The final formula for the PML equation is as follows:

$$\left\{\begin{array}{c}{\displaystyle \frac{d_{12}^2{w}^L}{d{t}^2}}+{\nabla }_{12}{p}^L+\left({\nabla }_{12}.w^L\right){\nabla }_{12}{p}_0-{}^T\nabla _{12}·w^L{\nabla }_{12}{p}_0=0\hfill \\ p^L+{\rho }_0{c}_0^2{\nabla }_{12}·w^L=0\hfill \end{array}\right.$$

(8)

2.1.3. The Equation for Flow Field

Since the 1960s, computational fluid dynamics (CFD) has had a significant impact in many other applications, such as biomedical, mineral processing, aerodynamics, aeroacoustic [25,26], and the entire processing industry. This widespread application has led to a significant development of models and multi-physics concepts, which have been implemented on various simulation platforms [27]. CFD is widely used in the aerospace industry and has significant applications in industrial operations, including turbulence models, high-order numerical algorithms, output-based mesh adaptation, and geometric centrality in numerical design optimization [28].

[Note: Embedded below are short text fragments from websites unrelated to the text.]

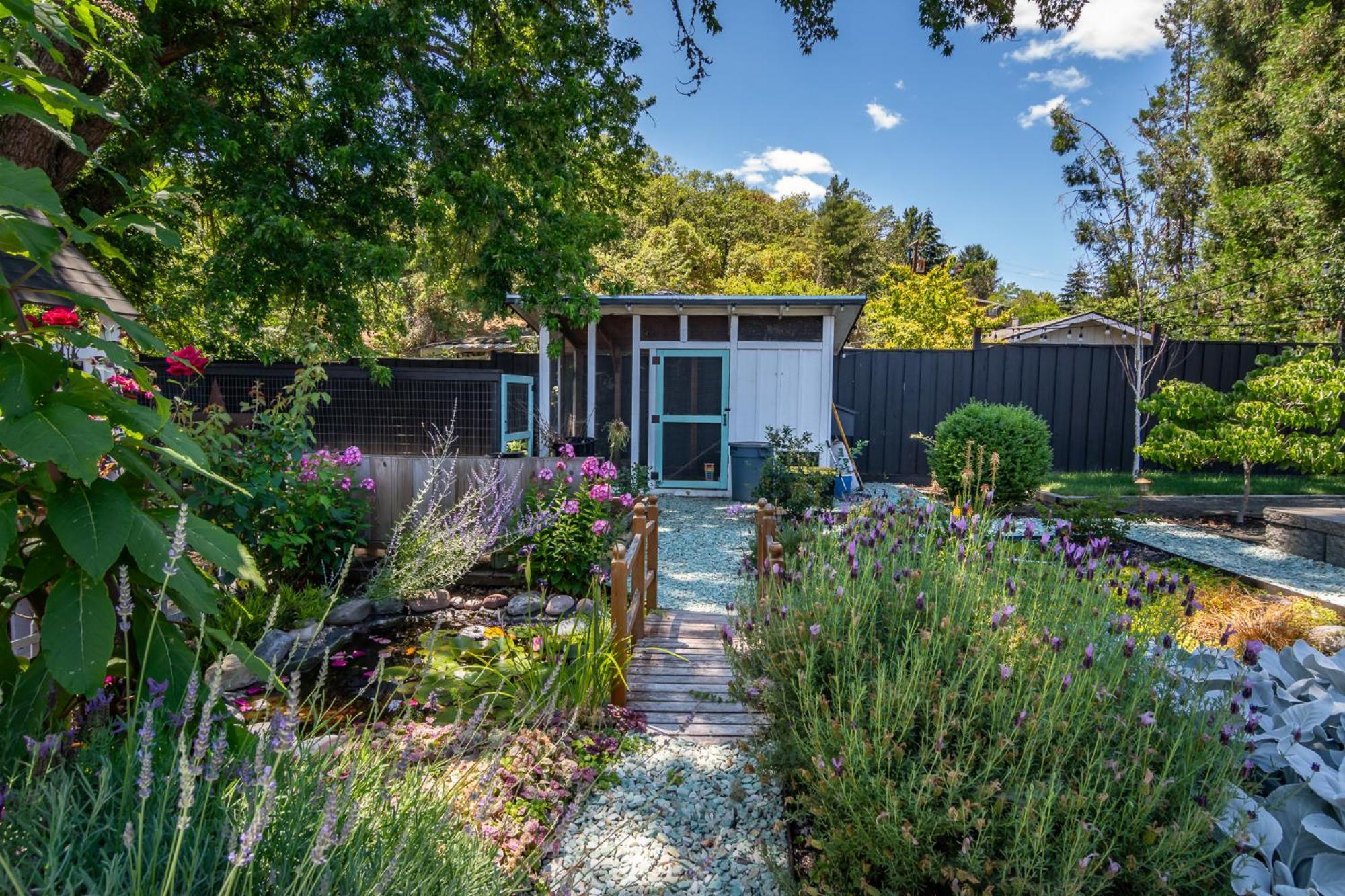 Chic Rv Retreat, Stunning Yard In Roseburg Ξενοδοχείο Εξωτερικό φωτογραφία
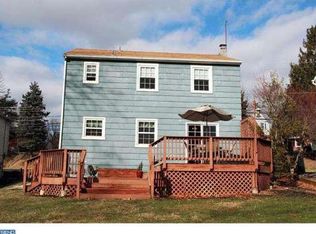 1559 Fitzwatertown Rd, Willow Grove, PA 19090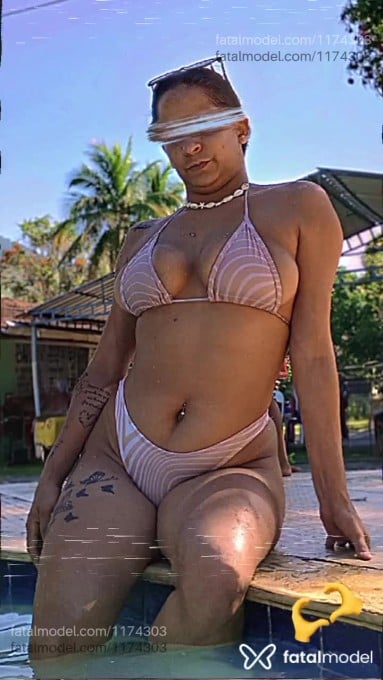 Acompanhante mulher com cabelo castanho de olhos castanhos em São João Del Rei Acompanhante mulher com cabelo castanho de olhos castanhos em São João Del Rei - Nicolle Moretti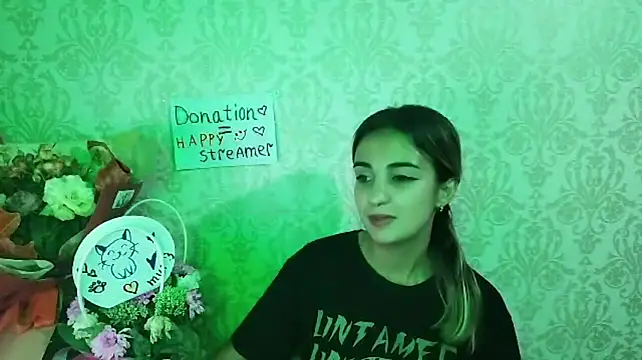 AminaGirls stripchat live cam model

CFD is a subject that uses numerical methods to solve mathematical equations by computer, revealing the physical laws of fluid motion, and studying the spatial physical characteristics of steady flow motion and the spatiotemporal physical characteristics of unsteady flow motion [29]. The basic idea can be summarized as follows: replace the fields of continuous physical quantities in the time and space domains, such as velocity and pressure fields, with a set of variable values at a finite number of discrete points; establish an algebraic equation system through certain principles and methods regarding the relationship between the field variables at these discrete points; and then solve the algebraic equation system to obtain an approximate value of the field variables.

The governing equations are the Navier–Stokes equations, including the continuity equation and the momentum equation, as written below:

$$\frac{\partial u_i}{\partial x_i}=0$$

(9)

$$\frac{\partial u_i{u}_j}{\partial x_i}=-\frac{1}{\rho }\frac{\partial p}{\partial x_i}+\nu {\nabla }^2{u}_i$$

(10)

where $u_i$ is the velocity component in the i direction, $x_i$ is the coordinate component in the i direction, $\rho$ is the fluid density, $\nu$ is its dynamic viscosity coefficient and p is the pressure.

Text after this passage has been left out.